The day ended with a panel discussion in which Hartl and Horwich fielded questions. Many of them focused on the role misfolded proteins play in disease, why they accumulate with age, and if, when, and how the proteostasis machinery can be targeted therapeutically.
Moderator Seema Kumar began the panel by asking about the greatest challenges and limitations in the field. Horwich replied that we don’t understand the toxicity of misfolded proteins; we don’t even know if they themselves are toxic, or if they are recruiting other toxic mediators. He speculated that it would be great if we could monitor single polypeptide chains as they fold, to see which ones go astray and how that makes them toxic. Since antibodies against amyloid plaques have been ineffective in Alzheimer’s disease, enhancing multiple parts of the proteostasis network might be a better strategy than targeting specific misfolded proteins or chaperones. Horwich also pointed out that we don’t know why aging thwarts chaperones: does their ability to handle their task decline, or are there genomic or proteomic issues? Hartl added that we don’t understand neurodegenerative diseases nearly well enough to know the role that protein folding plays in their development; Parkinson’s disease, for instance, is likely more than one monolithic disease.

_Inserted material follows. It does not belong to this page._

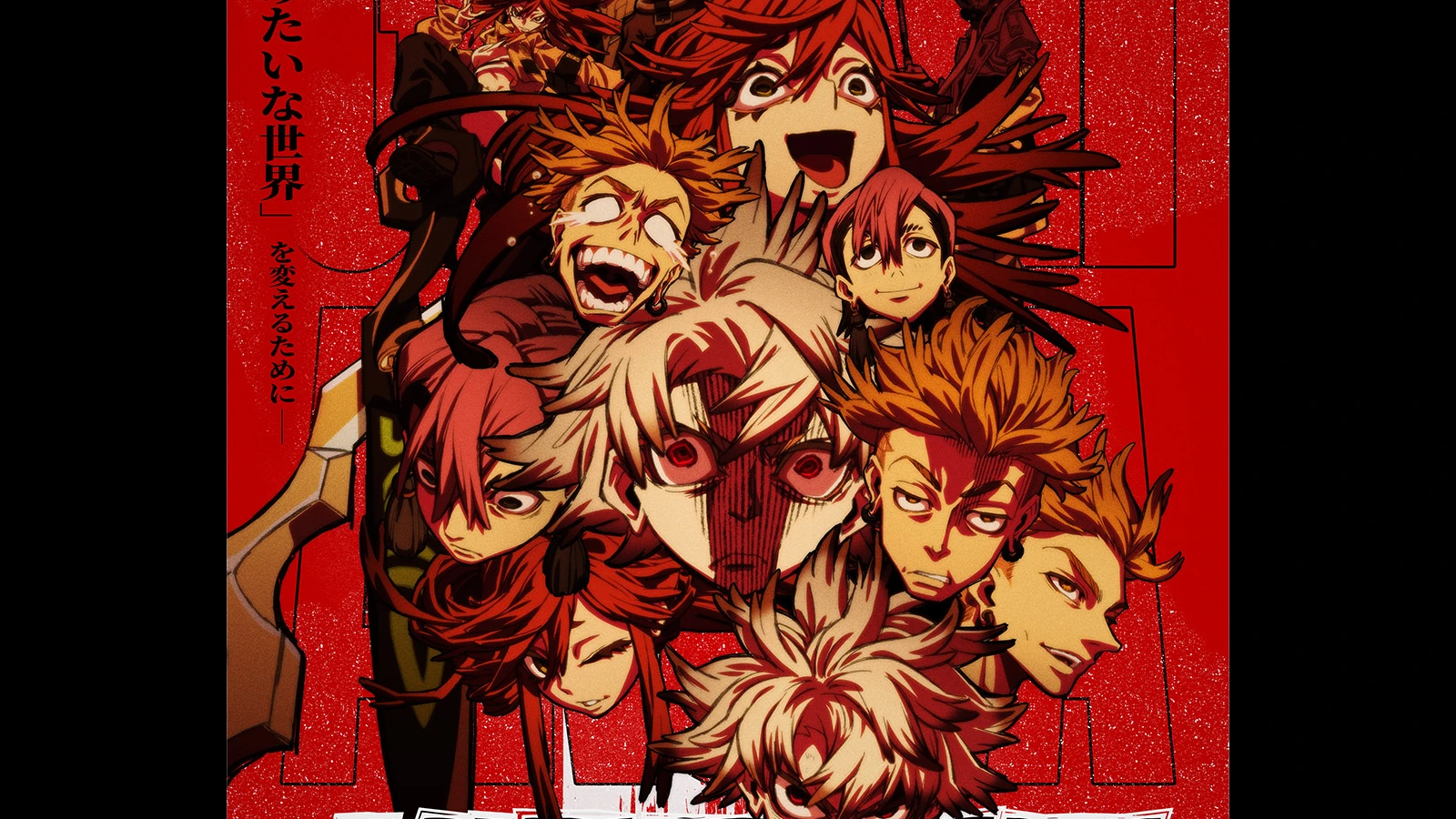 Rudo and other characters in official Gachiakuta artwork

As for how the field will unfold in the future, Horwich noted that most of what we know about protein folding mechanisms comes from in vitro studies with purified components. So we need to know more about how the cellular milieu affects binding affinities and folding. It would be helpful to determine how many times a particular ligand comes back to a particular chaperone. Hartl explained the importance of figuring out who the first responders are, who the next responders are, and if we can develop small molecules to affect the proteostasis machinery.